Personally I think he was just getting burnt out and exhausted from doing focus exercises for too long (this was a good 40 minutes into class, which is held in a distracting environment at the park). And I definitely need to practice longer duration on his stays - especially down/stay as he's never liked that as well as sit/stay. He doesn't tend to relax while in a stay - he's usually on edge waiting for me to give him the release cue - so I can see how a longer stay could get tiring for him. 

Anyway, has anyone run into this? Do you have any advice? I'm going to ask the trainer about it as well but I thought it'd be helpful to know what people do to maintain enthusiasm over these long training sessions.


----------



## lily cd re (Jul 23, 2012)

I would try teaching some quick little trick behaviors that can be stress relief/refocus activities like spin and twist or having him wind through your legs. If there is time to take a tiny intermission with a tug toy that might help too. When I take private training with my dogs the lesson is one hour but we throw in several "play breaks" to destress and refocus.


----------



## lisasgirl (May 27, 2010)

He does like to do little tricks like spin. Would incorporating more mini-breaks in the early part of the class help him focus better in the latter half? Last night I got him to run back and forth with me in between repetitions of that last exercise, and that helped him reset but was a little disruptive (especially since this is a class full of dogs who have trouble with distractions, lol!). 

I'll try bringing a toy or two next time for play breaks. I was amazed when I got him home and he absolutely POUNCED on his toys after leaving the class looking so exhausted.


----------



## Liz (Oct 2, 2010)

Mini-breaks are a great idea. Another thought: how many months has he been in training? Mia can get spacey if we've taken classes for a few months without a break, especially if it's the same type of class. A week off helps. I also change between sports from time to time.


----------



## lisasgirl (May 27, 2010)

Liz said:


> Mini-breaks are a great idea. Another thought: how many months has he been in training? Mia can get spacey if we've taken classes for a few months without a break, especially if it's the same type of class.

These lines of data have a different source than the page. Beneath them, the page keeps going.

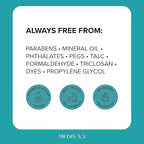 MEDIX 10% Glycolic Acid + Lactic Acid Leave-On Exfoliating Body Gel | AHA Exfoliant Body & Face Serum Refines + Softens Dry Dead Skin, Bumpy Skin, Uneven Skin Tone, KP Bumps, & Wrinkles, 1.7oz, 2PC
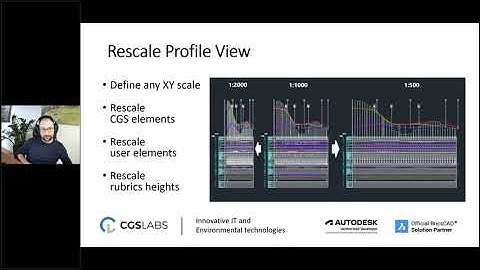 Change the scale of the profile view   detailed version Plateia, Ferrovia, and Aquaterra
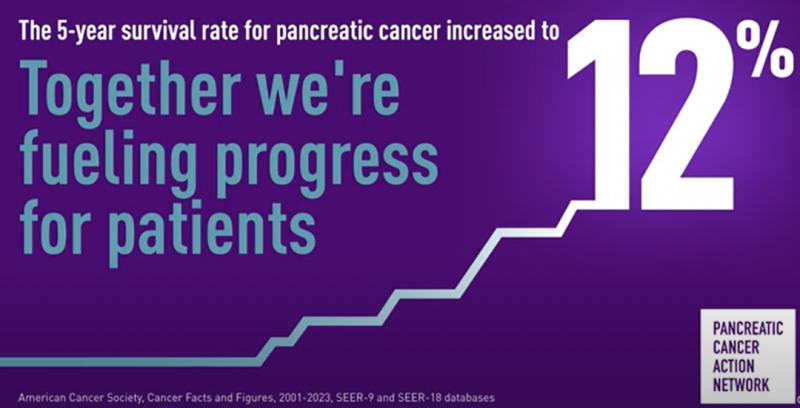 美国胰腺癌的5年生存率上升至12%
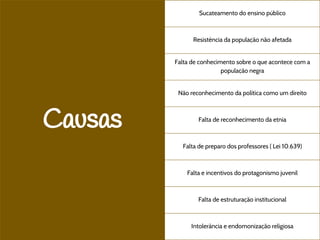 Causas
Sucateamento do ensino público
Resistência da população não afetada
Falta de conhecimento sobre o que acontece com a
população negra
Não reconhecimento da política como um direito
Falta de reconhecimento da etnia
Falta de preparo dos professores ( Lei 10.639)
Falta e incentivos do protagonismo juvenil
Falta de estruturação institucional
Intolerância e endomonização religiosa
 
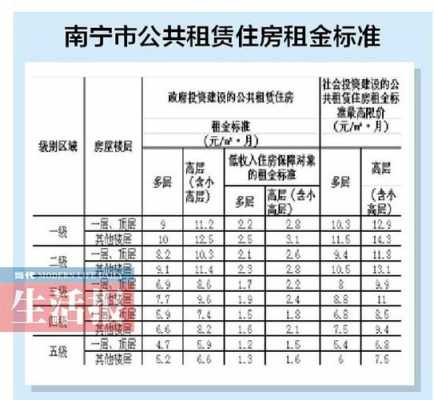 公租房（公租房一个月租金多少）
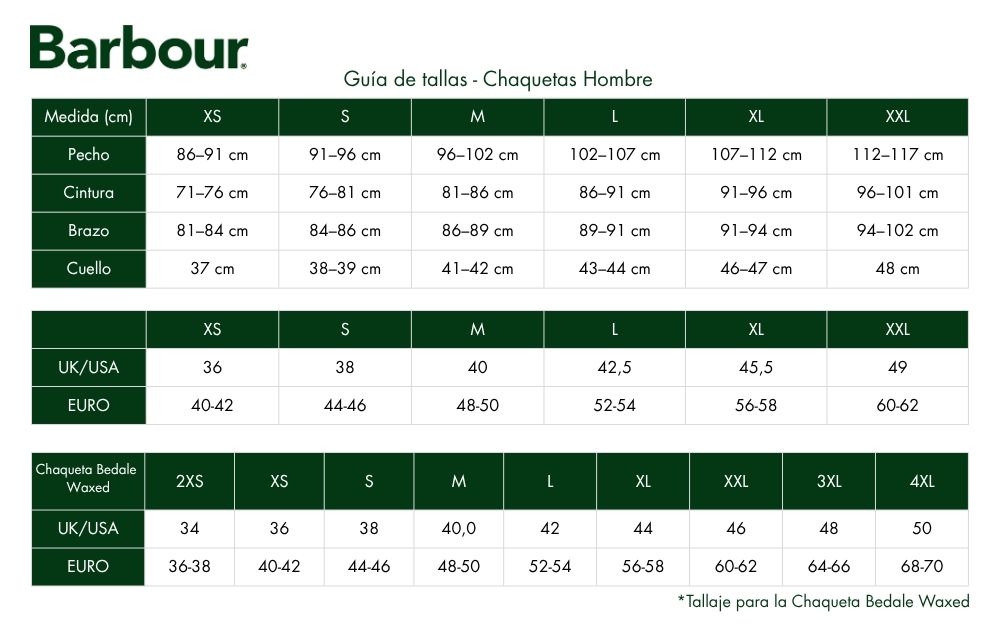 Measures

A week off helps. I also change between sports from time to time.


We actually haven't taken a class since last summer. But he could be having the opposite problem, where he's having trouble maintaining focus because he's not used to going to class. We usually do training in shorter bursts when we practice at home.


----------



## Liz (Oct 2, 2010)

Definitely. And if last night was the first class, I suspect he'll get better as the class progresses.


----------



## Verve (Oct 31, 2016)

I definitely give my dog breaks, depending on the dog and the class. In my Novice class they do endless amounts of heeling at the beginning of class, so I'll go and sit on the sidelines after a few minutes. I'd rather get 30 seconds of great heeling than 10 minutes of crap! I'm finding it's also really helpful to teach a dog to relax in a setting like that. 

I also do tricks to occupy a young, energetic dog during down time in class.


----------



## Skylar (Jul 29, 2016)

Having Archie lay down or sit while you act as a post for another dog to do figure eights is quite demanding for a dog taking the Advanced CGC class so I wouldn't feel too upset about it. Especially with the excitement of another dog prancing nearby and if Archie is having to stay longer than what he is used to.

It might help to have him sit or lay down between your legs. One thing I've trained my dog to do is something I call pony - she comes from behind between my legs and sits between my legs. She then can move around between my legs either in a scooting position or standing. I use it for when I feel she needs "protection" if we're somewhere crowded like at a fair with lots of people/strollers/kids in a narrow area. I have also put her in this position during a figure eight when she is tired and losing focus. 

The other thing is lots of treats and talking to Archie to hold focus. Bring a variety of treats. Start with the most mundane, basic treat early on, then ramp up to more exciting treats towards the end of the class.


----------



## Skylar (Jul 29, 2016)

Oh and could Archie need a bathroom break or a drink of water? 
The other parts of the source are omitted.